As Bill Blackbeard notes in his introduction to Krazy & Ignatz, George Herriman’s “Krazy Kat” was not a wildly popular comic. Its lengthy run was in fact due partly to a guardian angel named William Randolph Hearst, who continually ignored editors inclined to kill the full-page strip — Herriman‘s artwork and Zen-poesy storylines left most of their readers baffled. Herriman was clearly ahead of his time; in significant ways the strip bears more resemblance to “Zap Comix” than to its peers of the ’20s and ‘30s. And if the average reader didn’t grasp the strip, Herriman could always count among his fans Pablo Picasso, Gertrude Stein, T.S. Eliot and Ernest Hemingway.

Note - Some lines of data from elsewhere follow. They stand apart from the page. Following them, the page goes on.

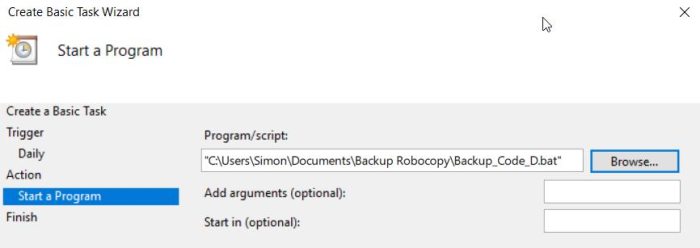 Click on Finish to create the Task. and to ensure the task runs with highest privilege, click on Task Scheduler Library.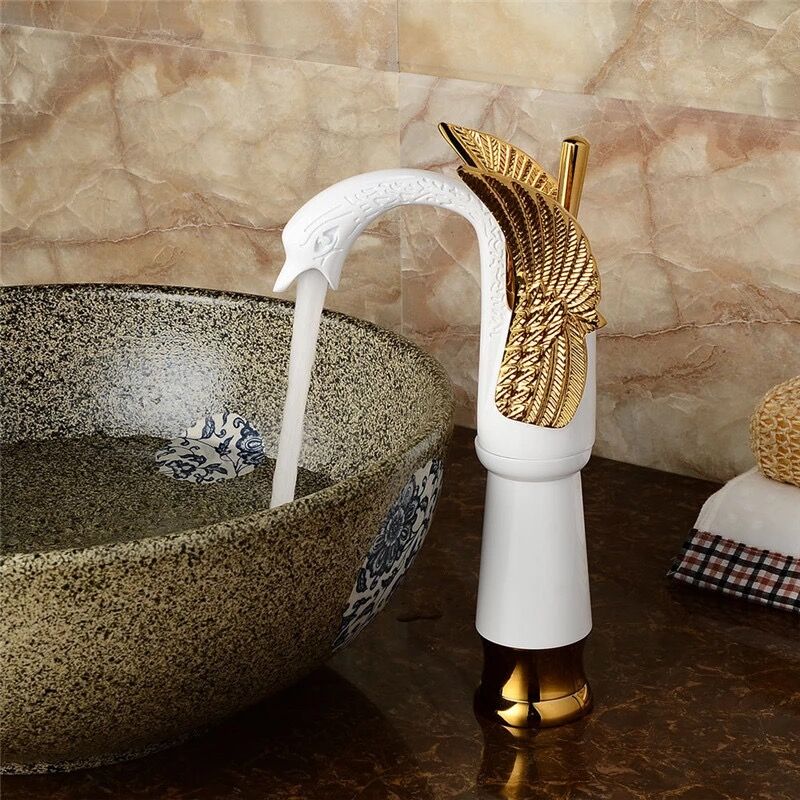 Luxury White Swan Faucet with Golden Wings Bathroom Tap Luxury White Swan Faucet with Golden Wings Bathroom Tap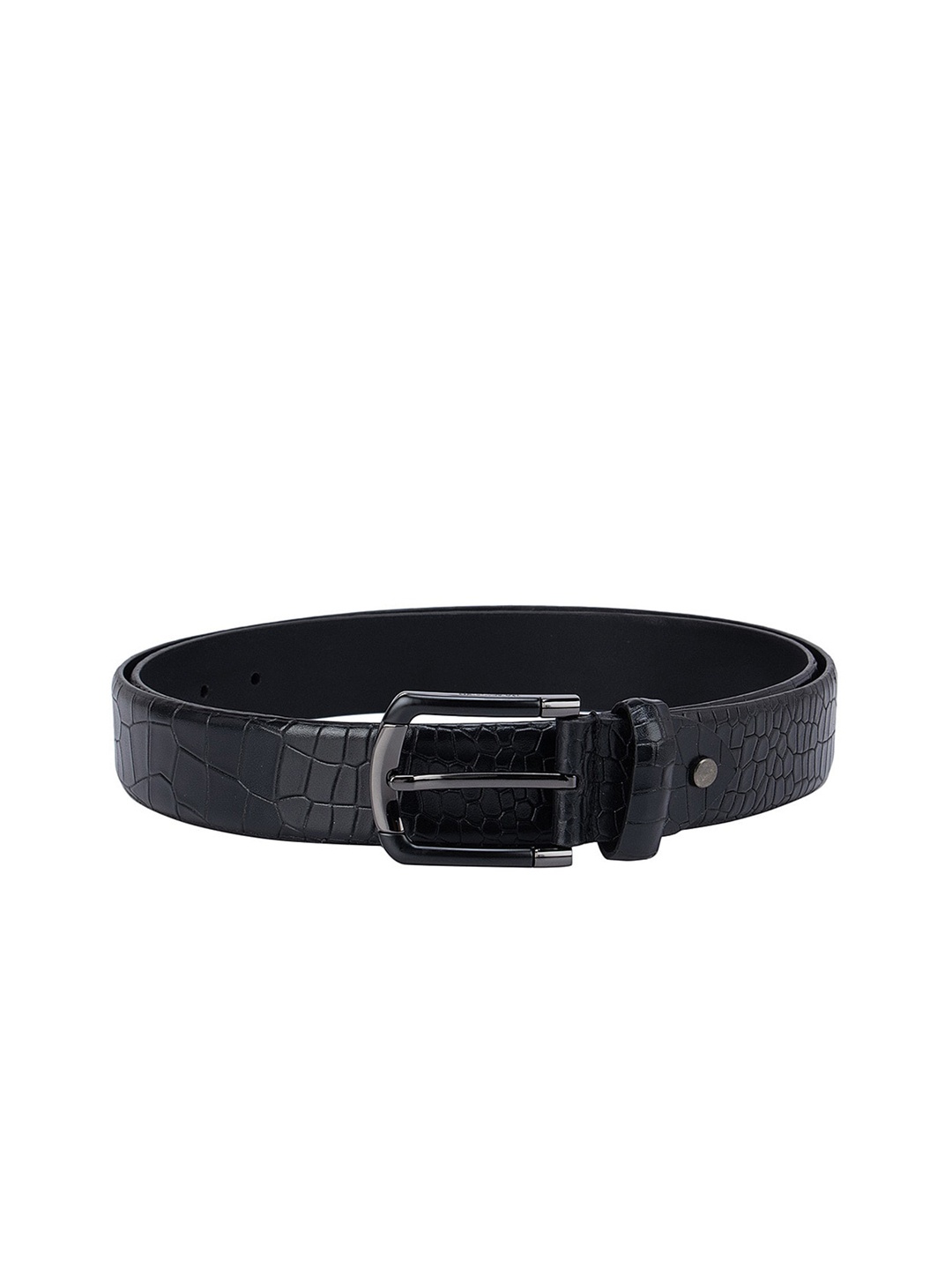 

Da Milano Men Black Textured Leather Formal Belt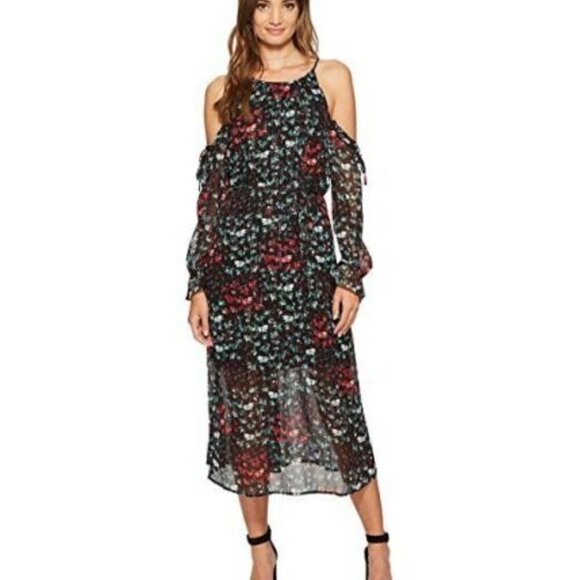 1 State Floral Cold Shoulder Dress Small - Picture 1 of 7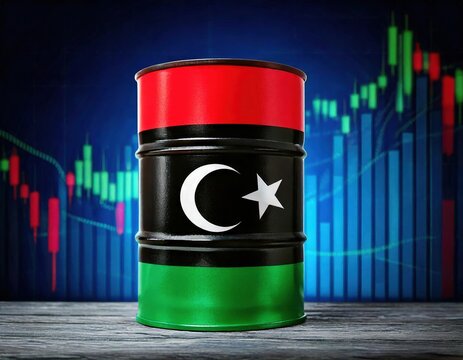 Oil barrel decorated with Libyan national colors on a financial background - Powered by Adobe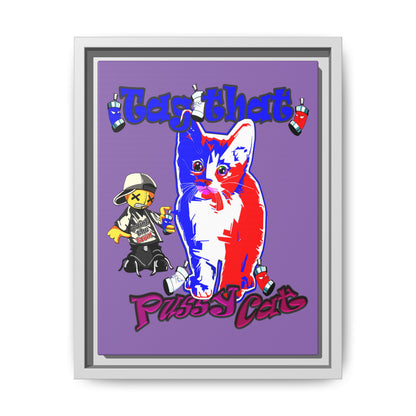 tag that - framed canvas art (light purple)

Most “Krazy”s are black-and-white — a result of the section in which they ran — but monochrome did nothing to hamper Herriman‘s genius pen. His elegant scribbles move Krazy, Ignatz (the mouse) and Officer Pup through a circuitous ritual of unrequited love — often unfettered by the formality of borders — amid Southwestern mesas, yuccas and “archichoke” bushes; settings no doubt influenced by the artist’s many years in Los Angeles. Incredibly, Herriman was as prolific as he was underappreciated and even today — more than half a century after his death — barely a third of his oeuvre has been republished. Fantagraphics goes a way toward remedying that by reprinting two years‘ worth of Herriman’s funnies. Enough to immerse you in the hebdomadal rhythms of kat and mouse. Enough to make you read it twice and wonder how fur awa-a-ay is the next volume.